Maybe cutting classes to protest the NRA is a good idea then.

Or better, move to San Francisco and participate in "social justice" issues.

Forget belonging to the Latin Club or the History Club.

Yale's senior assistant director of admissions Hannah Mendlowitz makes it clear in a blog that Yale encourages future Yale students to be high school protestors:

“For those students who come to Yale, we expect them to be versed in issues of social justice,” Ms. Mendlowitz writes. “I have the pleasure of reading applications from San Francisco, where activism is very much a part of the culture. Essays ring of social justice issues.” Even if applicants from less-fortunate areas of the country cannot be expected to meet the Bay Area standard, the message is clear. The post is titled “In Support of Student Protests.”

Walter Olson, a senior fellow at the CATO Institute, Yale alumnus, and one of our favorite legal writers, raises an interesting question in today's Wall Street Journal:

This endorsement of activism raises a few questions.
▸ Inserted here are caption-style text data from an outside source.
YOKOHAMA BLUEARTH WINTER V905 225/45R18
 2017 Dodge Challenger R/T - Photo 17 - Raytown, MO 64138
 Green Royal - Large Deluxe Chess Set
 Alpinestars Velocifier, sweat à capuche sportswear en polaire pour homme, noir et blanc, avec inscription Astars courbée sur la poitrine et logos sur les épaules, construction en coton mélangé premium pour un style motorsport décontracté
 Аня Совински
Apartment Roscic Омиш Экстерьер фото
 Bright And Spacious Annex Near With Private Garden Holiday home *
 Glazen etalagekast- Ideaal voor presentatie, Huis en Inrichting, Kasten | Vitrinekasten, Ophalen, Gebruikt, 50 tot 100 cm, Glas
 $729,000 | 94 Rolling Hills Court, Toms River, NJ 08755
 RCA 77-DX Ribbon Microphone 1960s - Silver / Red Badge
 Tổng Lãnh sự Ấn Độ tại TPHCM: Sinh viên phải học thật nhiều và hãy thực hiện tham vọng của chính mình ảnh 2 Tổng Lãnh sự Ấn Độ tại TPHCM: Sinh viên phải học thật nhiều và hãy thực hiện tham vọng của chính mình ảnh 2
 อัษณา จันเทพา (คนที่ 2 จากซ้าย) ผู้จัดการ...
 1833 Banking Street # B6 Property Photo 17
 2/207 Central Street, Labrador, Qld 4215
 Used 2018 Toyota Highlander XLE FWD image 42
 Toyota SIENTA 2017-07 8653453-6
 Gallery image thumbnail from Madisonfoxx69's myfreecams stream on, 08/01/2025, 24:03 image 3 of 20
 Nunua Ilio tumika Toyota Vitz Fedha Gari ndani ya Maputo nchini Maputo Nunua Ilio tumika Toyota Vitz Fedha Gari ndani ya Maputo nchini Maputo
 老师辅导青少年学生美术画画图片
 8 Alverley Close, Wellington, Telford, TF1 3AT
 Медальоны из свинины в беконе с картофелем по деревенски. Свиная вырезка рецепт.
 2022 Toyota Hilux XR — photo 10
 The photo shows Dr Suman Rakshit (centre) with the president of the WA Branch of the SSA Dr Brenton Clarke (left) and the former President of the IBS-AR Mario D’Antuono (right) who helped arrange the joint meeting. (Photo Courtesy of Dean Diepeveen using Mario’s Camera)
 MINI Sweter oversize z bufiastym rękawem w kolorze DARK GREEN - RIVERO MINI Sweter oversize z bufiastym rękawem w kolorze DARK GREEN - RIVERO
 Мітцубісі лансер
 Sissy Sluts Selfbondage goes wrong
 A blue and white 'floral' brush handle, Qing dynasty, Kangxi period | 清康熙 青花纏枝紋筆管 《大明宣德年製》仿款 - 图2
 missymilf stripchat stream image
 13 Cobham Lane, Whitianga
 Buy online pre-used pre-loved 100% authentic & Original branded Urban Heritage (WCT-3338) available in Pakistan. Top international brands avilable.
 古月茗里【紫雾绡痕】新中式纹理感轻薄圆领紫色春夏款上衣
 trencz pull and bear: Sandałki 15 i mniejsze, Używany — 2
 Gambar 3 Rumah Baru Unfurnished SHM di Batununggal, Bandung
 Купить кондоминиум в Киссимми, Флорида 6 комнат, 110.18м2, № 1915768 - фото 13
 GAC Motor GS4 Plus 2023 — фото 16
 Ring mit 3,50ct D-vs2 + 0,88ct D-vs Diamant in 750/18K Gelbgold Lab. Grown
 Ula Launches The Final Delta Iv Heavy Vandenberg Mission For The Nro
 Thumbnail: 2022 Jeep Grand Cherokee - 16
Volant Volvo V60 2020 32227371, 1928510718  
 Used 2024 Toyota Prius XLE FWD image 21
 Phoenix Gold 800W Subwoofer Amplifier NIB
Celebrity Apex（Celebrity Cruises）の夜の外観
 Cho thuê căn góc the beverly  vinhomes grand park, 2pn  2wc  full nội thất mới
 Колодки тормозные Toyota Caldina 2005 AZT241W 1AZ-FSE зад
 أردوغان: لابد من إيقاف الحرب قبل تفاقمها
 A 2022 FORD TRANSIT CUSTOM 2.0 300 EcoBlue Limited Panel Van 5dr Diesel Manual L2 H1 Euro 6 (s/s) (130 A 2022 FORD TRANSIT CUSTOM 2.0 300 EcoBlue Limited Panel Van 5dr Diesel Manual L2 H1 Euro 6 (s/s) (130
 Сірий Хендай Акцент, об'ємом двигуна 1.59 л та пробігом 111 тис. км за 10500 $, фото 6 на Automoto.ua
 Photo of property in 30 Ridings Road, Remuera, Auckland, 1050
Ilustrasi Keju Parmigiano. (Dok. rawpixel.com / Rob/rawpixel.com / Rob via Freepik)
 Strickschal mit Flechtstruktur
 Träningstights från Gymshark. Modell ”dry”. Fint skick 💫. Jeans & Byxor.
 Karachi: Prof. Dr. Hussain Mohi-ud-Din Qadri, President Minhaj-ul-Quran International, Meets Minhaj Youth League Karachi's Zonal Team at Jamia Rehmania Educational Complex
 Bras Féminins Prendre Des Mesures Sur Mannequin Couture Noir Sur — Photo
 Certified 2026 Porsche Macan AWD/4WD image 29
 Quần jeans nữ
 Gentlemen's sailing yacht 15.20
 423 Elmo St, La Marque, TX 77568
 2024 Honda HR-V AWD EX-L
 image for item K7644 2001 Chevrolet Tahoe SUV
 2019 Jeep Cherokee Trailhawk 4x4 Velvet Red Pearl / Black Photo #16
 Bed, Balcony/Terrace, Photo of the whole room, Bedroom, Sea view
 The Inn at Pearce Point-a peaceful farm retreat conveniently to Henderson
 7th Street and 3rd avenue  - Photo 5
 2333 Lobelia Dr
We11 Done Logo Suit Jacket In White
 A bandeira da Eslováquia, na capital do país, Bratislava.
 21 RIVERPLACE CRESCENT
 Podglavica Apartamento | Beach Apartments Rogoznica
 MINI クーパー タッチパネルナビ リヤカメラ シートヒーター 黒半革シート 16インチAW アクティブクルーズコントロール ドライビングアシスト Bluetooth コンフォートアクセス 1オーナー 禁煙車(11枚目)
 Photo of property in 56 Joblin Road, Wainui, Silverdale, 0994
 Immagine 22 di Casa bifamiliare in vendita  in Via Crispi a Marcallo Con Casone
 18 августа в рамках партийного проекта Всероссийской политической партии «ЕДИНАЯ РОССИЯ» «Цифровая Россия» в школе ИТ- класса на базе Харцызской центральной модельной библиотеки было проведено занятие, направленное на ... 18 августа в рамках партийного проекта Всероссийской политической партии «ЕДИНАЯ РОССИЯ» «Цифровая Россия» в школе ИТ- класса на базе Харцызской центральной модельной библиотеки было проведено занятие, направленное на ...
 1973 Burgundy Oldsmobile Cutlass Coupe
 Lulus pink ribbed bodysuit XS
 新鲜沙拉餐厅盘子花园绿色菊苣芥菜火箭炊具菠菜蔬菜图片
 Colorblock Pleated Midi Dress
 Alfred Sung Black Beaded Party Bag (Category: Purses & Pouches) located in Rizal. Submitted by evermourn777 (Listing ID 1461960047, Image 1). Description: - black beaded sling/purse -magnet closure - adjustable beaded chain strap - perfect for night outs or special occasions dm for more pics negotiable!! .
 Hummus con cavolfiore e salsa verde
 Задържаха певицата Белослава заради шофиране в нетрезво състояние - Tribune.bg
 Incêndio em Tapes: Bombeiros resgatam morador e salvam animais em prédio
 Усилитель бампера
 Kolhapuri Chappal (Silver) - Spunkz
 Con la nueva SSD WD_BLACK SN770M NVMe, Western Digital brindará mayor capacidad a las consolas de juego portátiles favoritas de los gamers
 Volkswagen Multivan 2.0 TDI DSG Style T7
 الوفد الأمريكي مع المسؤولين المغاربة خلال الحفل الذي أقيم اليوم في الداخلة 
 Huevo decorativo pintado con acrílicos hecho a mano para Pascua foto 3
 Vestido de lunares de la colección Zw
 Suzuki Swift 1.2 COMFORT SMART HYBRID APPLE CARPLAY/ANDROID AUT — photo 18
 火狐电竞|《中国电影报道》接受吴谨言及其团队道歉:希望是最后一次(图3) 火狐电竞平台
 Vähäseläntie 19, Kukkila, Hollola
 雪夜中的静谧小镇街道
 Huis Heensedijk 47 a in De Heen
Would Yale really turn away a brilliant young flutist, chemist or poet who, while solidly educated in history, religion and government, is not specifically “versed in issues of social justice”? What about students who have pursued courses based on great works of the past? Must they be versed in contemporary views of social justice too? Besides, which causes constitute social justice?

Yale’s admissions blog is eagerly read by high-school students who have not yet applied. What should one advise aspiring Yalies who are not versed in—or worse, not zealous for—the Bay Area ideologies that so please the admissions office?

It might be best not to feign progressive political views in hopes of snagging a coveted Yale slot. That would be insincere, after all. But maybe it would be prudent to conceal any contrasting views.

Suppose a student had been deeply influenced by Friedrich Hayek’s “The Mirage of Social Justice.” After reading it, she had concluded social justice does not offer a particularly useful “take” on the moral problems of society, and that other standards—justice toward individuals, protection of personal rights, peace and nonaggression, neutral and impartial application of law—are better.

Now suppose she put that in her Yale application, knowing that screeners would be looking for some indication she was “versed in social justice.” Would it affect her chances of making the cut?

I wonder if Ms. Mendlowitz would support that kind of diversiy.